That duty flows from the constitutional preference for liberty and the settled principle that remand is not mechanical. Police custody is not to be granted because the police ask for it, nor because the court feels the allegations are serious. It is to be granted only where the arrest is lawful and custodial interrogation is shown to be genuinely necessary.

Therefore, before authorising police custody, the court should test:

  1. Whether Section 35 BNSS was complied with.

  2. Whether the reasons for arrest are real, specific, and case-based.

  3. Whether the investigation truly requires custodial interrogation.

  4. Whether the same purpose can be achieved through notice, questioning without custody, seizure of documents, digital analysis, or examination of witnesses.

If those questions are not satisfactorily answered, police custody should be refused.

Can ACB seek PCR by saying it wants to investigate disproportionate assets?

Sometimes, after a failed trap, the ACB adds another submission: that the accused’s custodial interrogation is required because the agency now wants to investigate a disproportionate-assets angle.

That submission, by itself, is not enough.

A mere statement that a DA inquiry is proposed or that the agency suspects disproportionate assets cannot justify police custody. The Special Judge must still insist on legal discipline. The court must ask:

  • What exactly is the DA angle?

  • What material presently indicates such disproportion?

  • What concrete custodial purpose exists?

  • Why cannot the agency collect bank records, service records, property documents, income details, and transaction trails independently?

Police custody may be justified in a DA inquiry if the prosecution shows specific necessity, such as tracing concealed assets, identifying benami holders, recovering lockers, keys, devices, passwords, account details, or preventing destruction of evidence. But a broad statement that “we want to investigate disproportionate assets” is too vague to justify PCR.

So the correct principle is this: a DA inquiry may support police custody only when it is tied to specific custodial needs, not when it is invoked in general language.

What if ACB says investigation is at a preliminary stage?

Another common submission is that the investigation is still in the preliminary stage, and therefore concrete details cannot yet be disclosed.

That argument also cannot, by itself, justify police custody.

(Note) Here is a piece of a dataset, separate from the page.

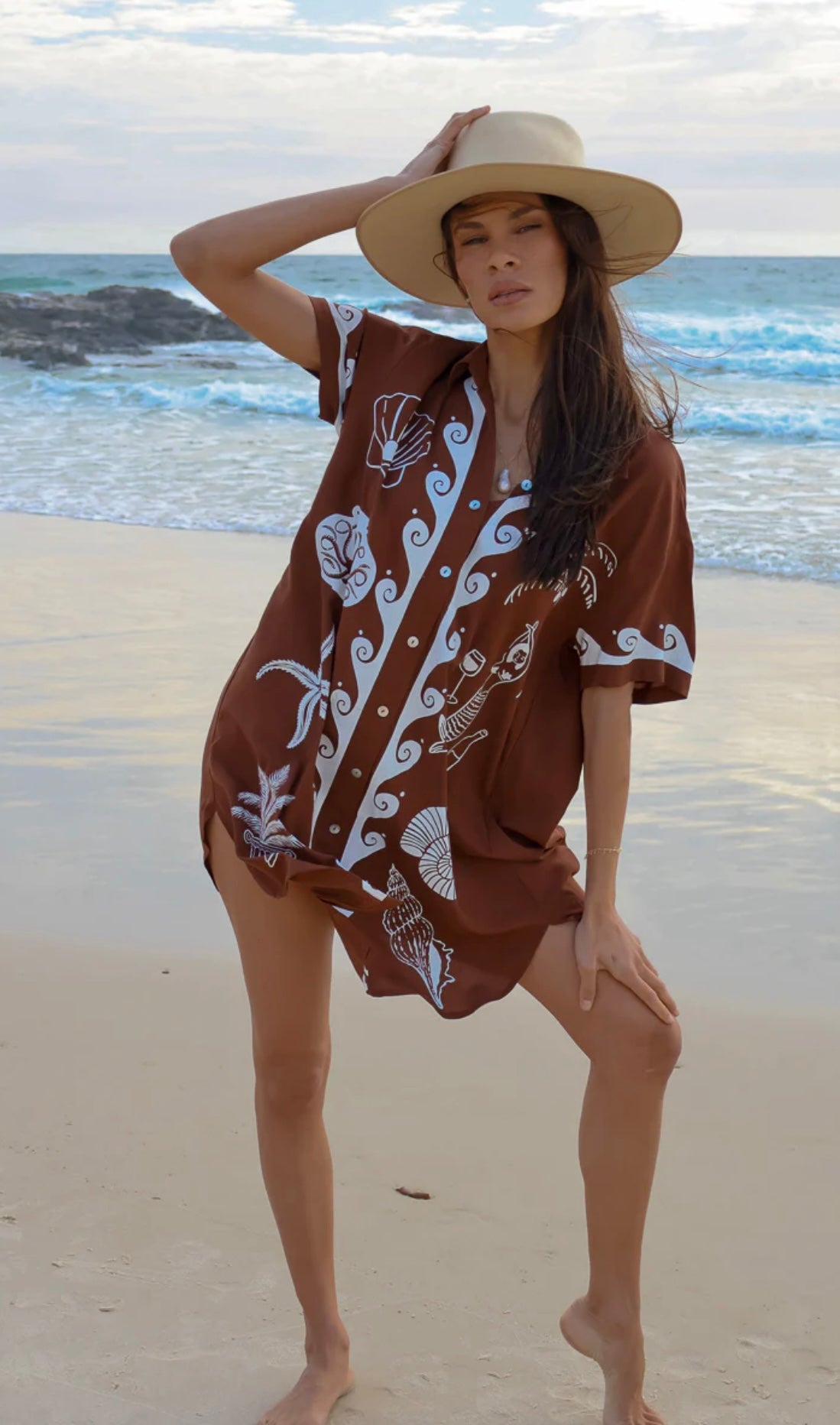 Ocean Club Shirt Dress Brown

The early stage of investigation may explain why the agency cannot disclose every lead in detail. But it does not excuse the agency from showing real necessity. The law does not permit police custody merely because the investigation is developing. If that were accepted, police custody would become routine in every fresh case.

Even at the preliminary stage, the investigating agency must place before the court at least the nature of the custodial purpose. It must indicate, in substance, what it seeks to discover, recover, verify, confront, or prevent. The Judge may accept a degree of confidentiality, but cannot dispense with specificity altogether.

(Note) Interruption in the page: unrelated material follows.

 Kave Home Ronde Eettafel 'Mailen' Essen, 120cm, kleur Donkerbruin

Therefore, “investigation is at a preliminary stage” is not a valid standalone ground for PCR.

Is PCR justified to get information about co-accused?

The remand application may further state that police custody is required to obtain information about co-accused. Again, this is not an automatically sufficient ground.

It is true that identifying co-accused, middlemen, or accomplices may, in some cases, require custodial interrogation. But the remand court must distinguish between a real investigative need and a vague formula.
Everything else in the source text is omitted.